● The data
————
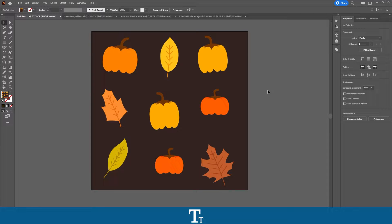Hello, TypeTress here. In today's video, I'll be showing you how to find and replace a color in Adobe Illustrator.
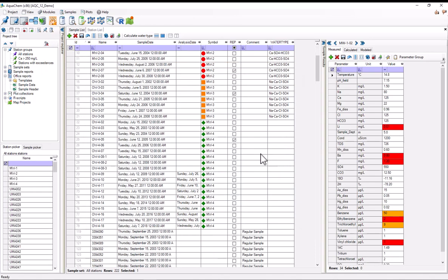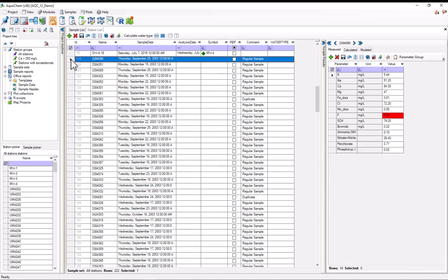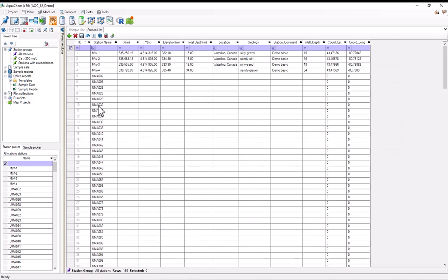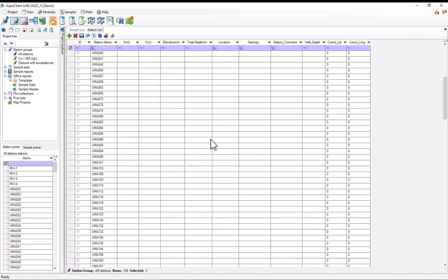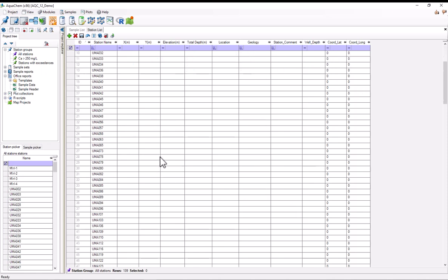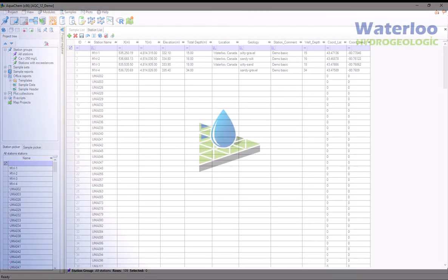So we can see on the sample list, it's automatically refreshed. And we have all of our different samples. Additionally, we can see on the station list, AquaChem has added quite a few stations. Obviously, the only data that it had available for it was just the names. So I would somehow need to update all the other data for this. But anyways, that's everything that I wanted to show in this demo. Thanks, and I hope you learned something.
————
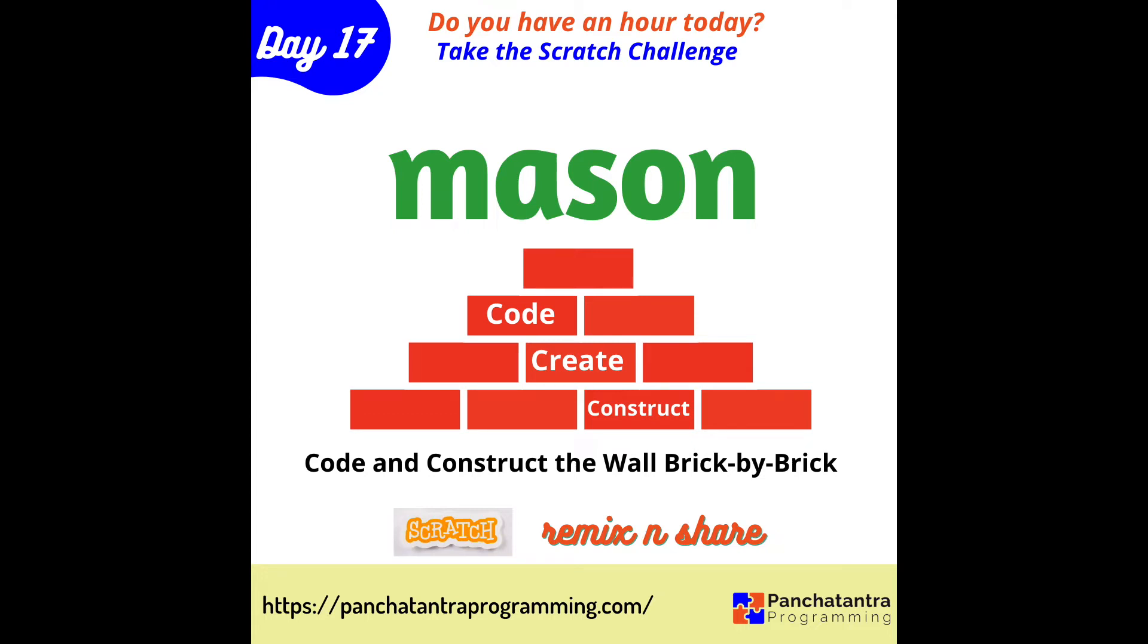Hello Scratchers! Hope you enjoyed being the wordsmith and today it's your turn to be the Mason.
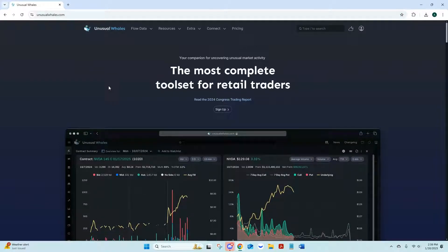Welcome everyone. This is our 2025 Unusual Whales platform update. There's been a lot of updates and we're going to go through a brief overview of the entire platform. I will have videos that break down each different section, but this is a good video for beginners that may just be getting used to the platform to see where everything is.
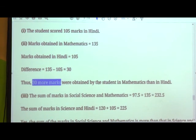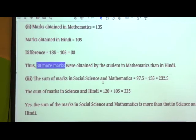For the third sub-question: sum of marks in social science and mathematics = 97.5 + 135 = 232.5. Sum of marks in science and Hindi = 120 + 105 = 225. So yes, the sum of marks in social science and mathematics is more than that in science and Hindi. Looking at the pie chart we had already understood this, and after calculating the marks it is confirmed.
————
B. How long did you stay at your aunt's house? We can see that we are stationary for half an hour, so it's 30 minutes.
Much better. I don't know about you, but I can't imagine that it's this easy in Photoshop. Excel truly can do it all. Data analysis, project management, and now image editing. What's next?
————
● The task
When you reach the line with "Hello, TypeTress here." in the records above, start writing out each line exactly, and stop after the line with "So we can see". Pictures stay out.

● Solution to this task
Hello, TypeTress here. In today's video, I'll be showing you how to find and replace a color in Adobe Illustrator.
So we can see on the sample list, it's automatically refreshed. And we have all of our different samples. Additionally, we can see on the station list, AquaChem has added quite a few stations. Obviously, the only data that it had available for it was just the names. So I would somehow need to update all the other data for this. But anyways, that's everything that I wanted to show in this demo. Thanks, and I hope you learned something.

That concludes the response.